Task to complete: Everything from the first line of the entries below through the line holding "Lululemon Athletic In" must be printed exactly as written.

==*==

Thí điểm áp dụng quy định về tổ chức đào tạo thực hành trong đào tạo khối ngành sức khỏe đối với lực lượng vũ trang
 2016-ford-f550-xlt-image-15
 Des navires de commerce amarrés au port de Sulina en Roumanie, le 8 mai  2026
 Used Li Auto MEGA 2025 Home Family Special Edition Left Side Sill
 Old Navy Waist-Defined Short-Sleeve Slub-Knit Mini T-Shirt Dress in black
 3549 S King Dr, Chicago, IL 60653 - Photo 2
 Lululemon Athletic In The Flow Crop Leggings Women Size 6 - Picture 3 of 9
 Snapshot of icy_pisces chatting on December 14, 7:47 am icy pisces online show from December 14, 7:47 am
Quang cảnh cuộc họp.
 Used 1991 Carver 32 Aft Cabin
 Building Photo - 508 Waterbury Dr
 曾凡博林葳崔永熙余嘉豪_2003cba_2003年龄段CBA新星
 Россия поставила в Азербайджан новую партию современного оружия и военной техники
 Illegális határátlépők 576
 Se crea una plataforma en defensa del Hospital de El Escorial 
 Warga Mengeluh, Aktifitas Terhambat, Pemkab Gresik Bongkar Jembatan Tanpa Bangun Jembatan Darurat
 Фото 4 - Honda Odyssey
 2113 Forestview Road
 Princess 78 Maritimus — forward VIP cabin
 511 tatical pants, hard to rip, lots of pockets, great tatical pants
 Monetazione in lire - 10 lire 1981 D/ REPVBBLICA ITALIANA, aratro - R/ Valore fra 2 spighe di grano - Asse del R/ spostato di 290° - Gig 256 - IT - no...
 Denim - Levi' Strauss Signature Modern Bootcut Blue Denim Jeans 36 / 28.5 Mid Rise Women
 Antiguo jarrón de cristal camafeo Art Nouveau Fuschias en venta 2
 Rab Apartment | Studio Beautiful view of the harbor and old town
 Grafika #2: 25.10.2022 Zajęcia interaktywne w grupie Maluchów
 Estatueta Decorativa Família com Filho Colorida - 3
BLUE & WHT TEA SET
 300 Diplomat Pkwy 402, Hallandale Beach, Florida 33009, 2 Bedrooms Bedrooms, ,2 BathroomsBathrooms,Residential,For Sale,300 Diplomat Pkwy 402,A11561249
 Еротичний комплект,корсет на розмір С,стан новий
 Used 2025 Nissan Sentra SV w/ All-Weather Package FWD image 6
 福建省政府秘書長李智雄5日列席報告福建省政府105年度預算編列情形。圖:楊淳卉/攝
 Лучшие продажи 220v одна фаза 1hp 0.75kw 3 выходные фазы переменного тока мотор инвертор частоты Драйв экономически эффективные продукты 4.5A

==*==

Written solution:
Thí điểm áp dụng quy định về tổ chức đào tạo thực hành trong đào tạo khối ngành sức khỏe đối với lực lượng vũ trang
 2016-ford-f550-xlt-image-15
 Des navires de commerce amarrés au port de Sulina en Roumanie, le 8 mai  2026
 Used Li Auto MEGA 2025 Home Family Special Edition Left Side Sill
 Old Navy Waist-Defined Short-Sleeve Slub-Knit Mini T-Shirt Dress in black
 3549 S King Dr, Chicago, IL 60653 - Photo 2
 Lululemon Athletic In The Flow Crop Leggings Women Size 6 - Picture 3 of 9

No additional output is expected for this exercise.